Deixou a Ataíja de Cima, em 1951, como se vê de uma carta escrita por Joaquina Rosalia a seu marido em 19-5 desse ano: “…José o mira vendeu tudo cuanto ca tinha eu compreilhe dois barris axeios baratos porque são muitos bons são novos so levaram vinho uma vez custaram 85$00 cada um não sei se tu ficaras contente ele já se foi embora para a Mira já cá não tem nada o Olival e a caza baixa é dum Senhor de Lisboa e a caza ca de Cima é do padrinho José maneta…”.
Morena Alc. - Maria da Assunção Gomes de Sousa. Nunca me pareceu especialmente morena mas carrega a alcunha desde pequena. Ficou órfã de mãe antes dos sete anos e a partir daí foi a verdadeira mulher da casa, embora com alguma ajuda da avó e das tias que eram vizinhas. Foi com essa idade que teve de começar a assegurar a lida da casa e a tomar conta dos dois irmãos mais novos. Sempre cantou e canta, muito bem.
Novo Alc. - Quim Novo, para se distinguir do tio, de idade próxima que, por sua vez, ficou Quim Velho desde criança.

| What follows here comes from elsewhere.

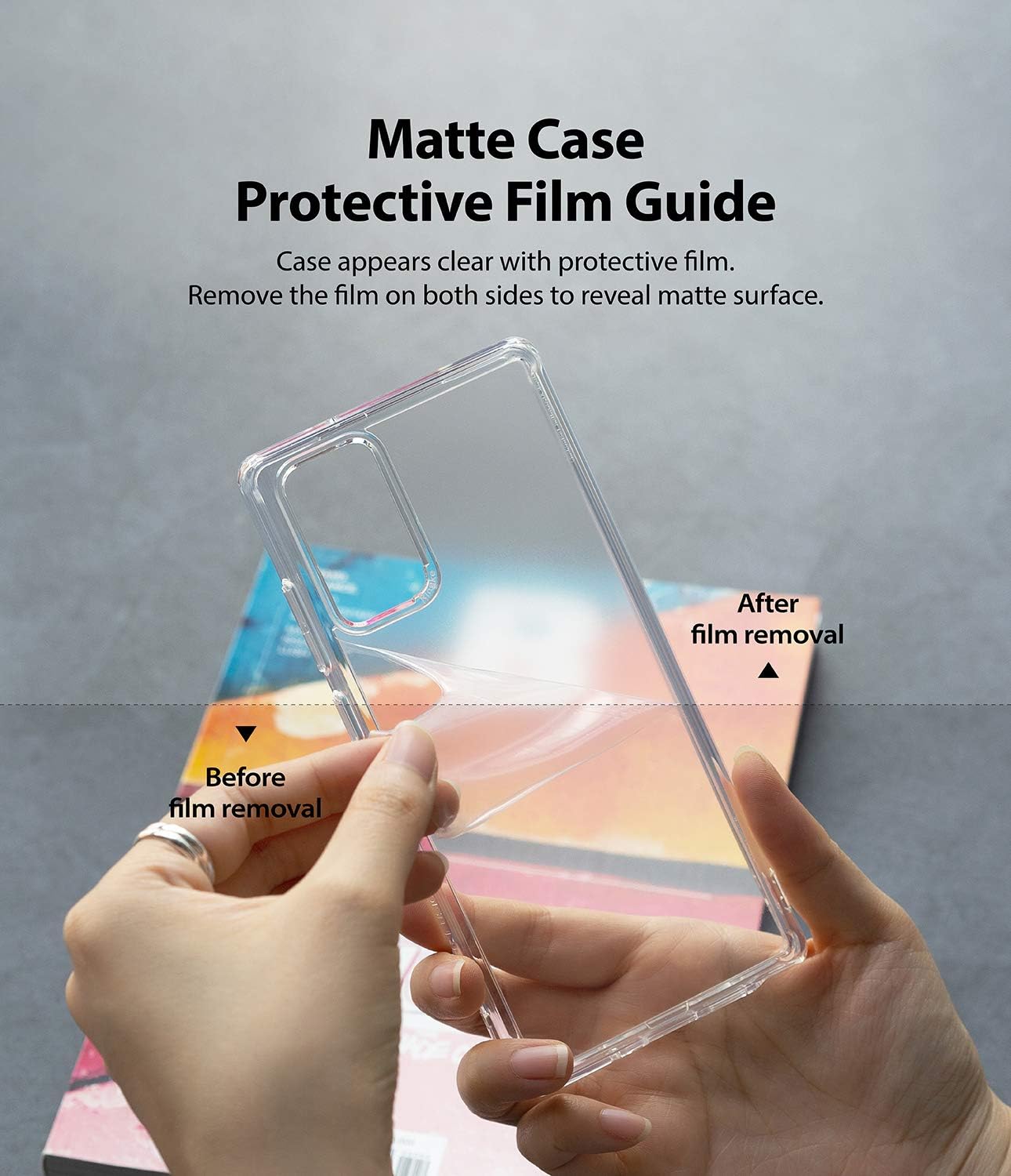 Ringke Fusion Compatible with Samsung Galaxy Note 20 Ultra Case, Anti Fingerprint No Smudge Frost Back Satin Texture - Matte Clear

Orelha Alc. - Alcunha de António Maria de Sousa, transmitido aos filhos. Um deles, igualmente António Maria de Sousa e, por isso, Júnior, era um pouco exuberante e tinha uma bicicleta, também ela com alcunha: Era o satélite.

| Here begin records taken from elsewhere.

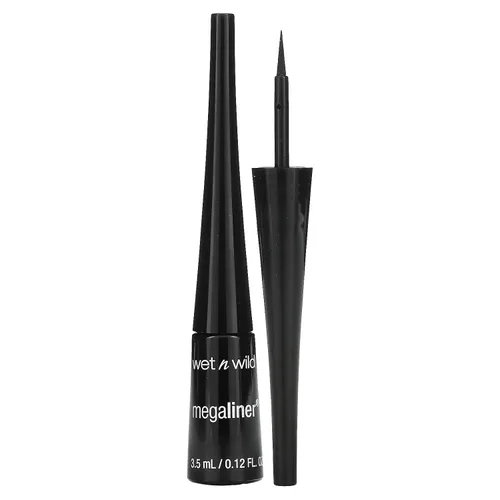 Vista 32 de wet n wild MegaLiner - Delineador de ojos líquido - Negro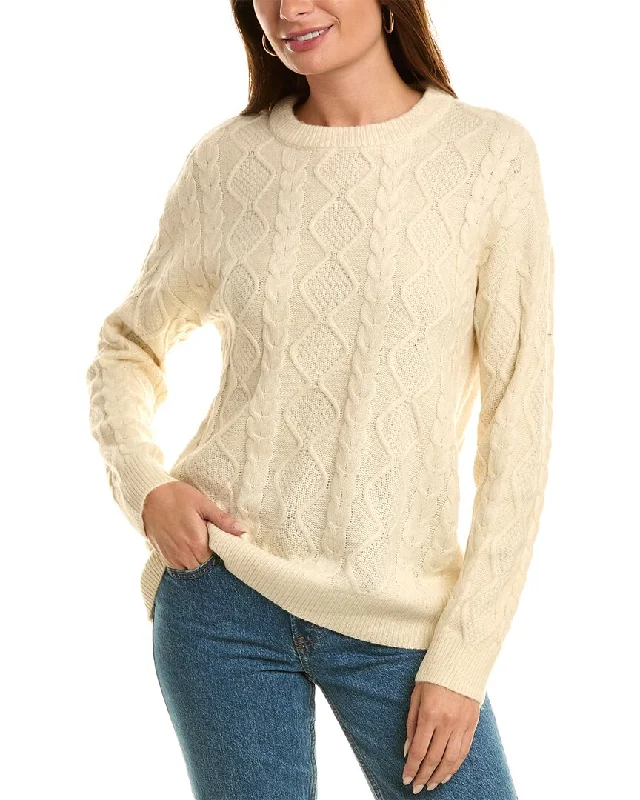 525 America Mina Airspun Cable Pullover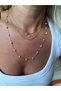 Stainless Steel Mini Zircon Heart Letter P Necklace - 2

Pequena Alc. – (ou Pequeno). Várias pessoas, sem ligação entre si, tinham a alcunha de Pequeno ou Pequena. Não tem a ver com tamanho, mas com o serem as crianças mais novas da família. Era a própria família que assim as denominava, para as distinguir de outro elemento mais velho com o mesmo nome próprio. Por vezes, a alcunha passou aos filhos (Da Pequena).

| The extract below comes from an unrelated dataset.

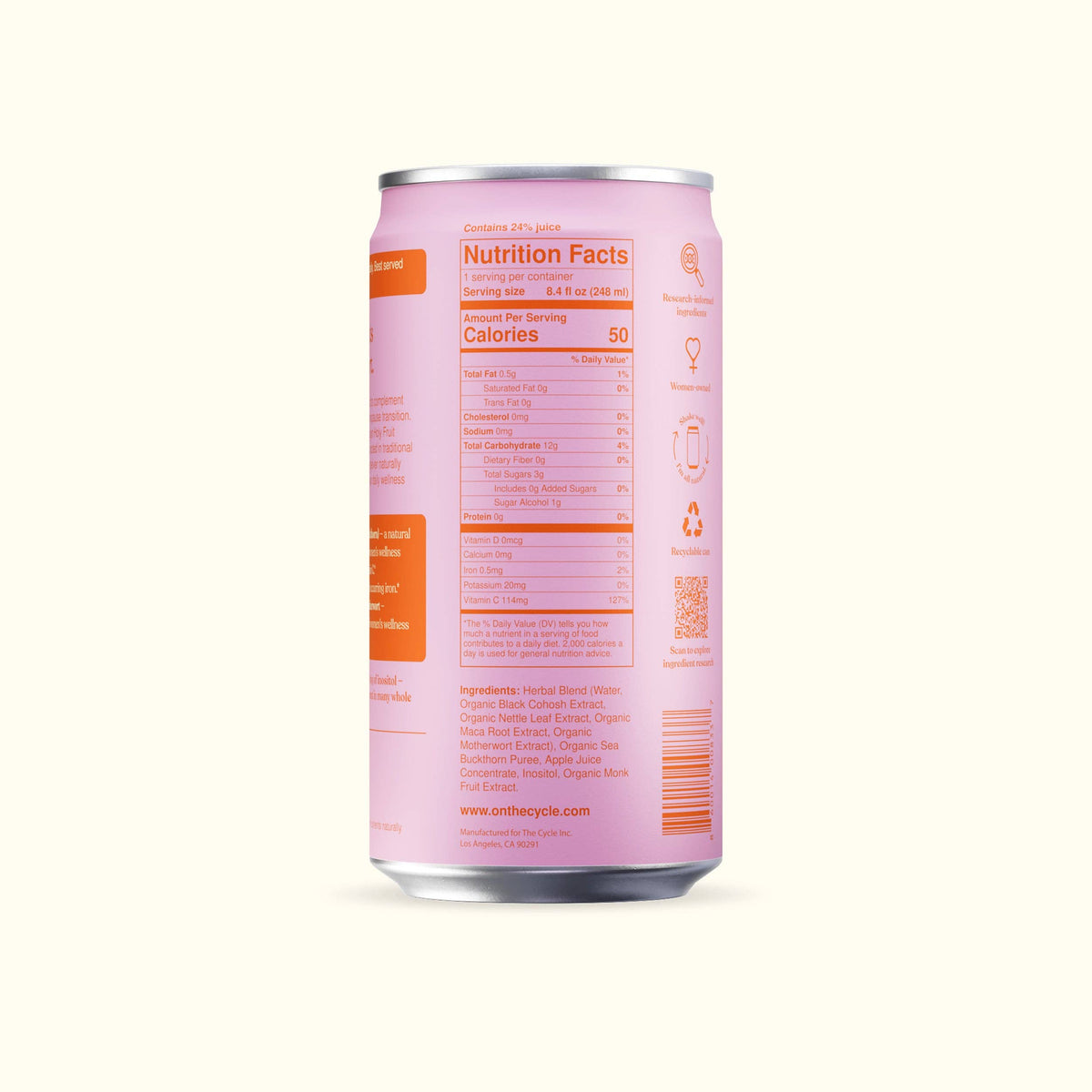 Peri Comfort Botanical Tonic by The Cycle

Qué-Pão Alc. - Assim andava a criança atrás da mãe, pedindo pão (tratava-se de José Maria Felismino, que toda a vida foi conhecido por Zé Qué-pão).
Redondo Alc. - Alcunha comum a dois meios-irmãos da minha avó paterna.
João Redondo era sapateiro e, como era uso naquele tempo, deslocava-se a casa dos clientes e aí ficava durante vários dias reparando, de uma vez, todo o calçado familiar e às vezes fazendo, de caminho, alguma obra nova. Lembro-me dele a concertar o calçado da família de José Ribeiro instalado no alpendre da casa que é hoje da Amélia. Foi casado com uma Emília natural de Aljubarrota e faleceu sem filhos.
António Redondo casou para os Milagres e na família era, por isso, chamado de "António dos Milagres".
Sabino Alc. - O nome próprio do pai transformou-se em alcunha dos filhos José e António e não do Arnaldo por óbvia desnecessidade, devido à singularidade do nome.
Tarasco Alc. - É natural dos Molianos. A alcunha já a trazia da sua terra e significa, diz o DPLP, arisco, impertinente, esquivo.
Veneno Alc. - Alcunha de João Augusto Lúcio, natural do Casal Boieiro, Pedreiras, onde residia e terá adquirido experiência trabalhando na extracção da pedra local que chamávamos de "pedra de cantaria", uma pedra bastante macia que foi usada para ombreiras de portas e molduras de janelas e, durante séculos, para fazer pias de azeite.
Foi o primeiro a explorar o Vidraço de Ataíja e, assim, o iniciador de uma revolução na economia local. Começou nos anos cinquenta do Séc. XX a escavar num terreno onde José Henriques (que foi, também, conhecido por José Neto e José Carago) veio a construir a sua casa, ao lado da actual pedreira “Caramelo 3”, propriedade da empresa Mármores Vigário, Lda, no sítio dos Caramelos.
Zé d’Avó Alc. - Eu próprio. Por ter sido criado entre os 3 e os 10 anos pela minha avó paterna, estando os meus pais emigrados em Lisboa, como leiteiros.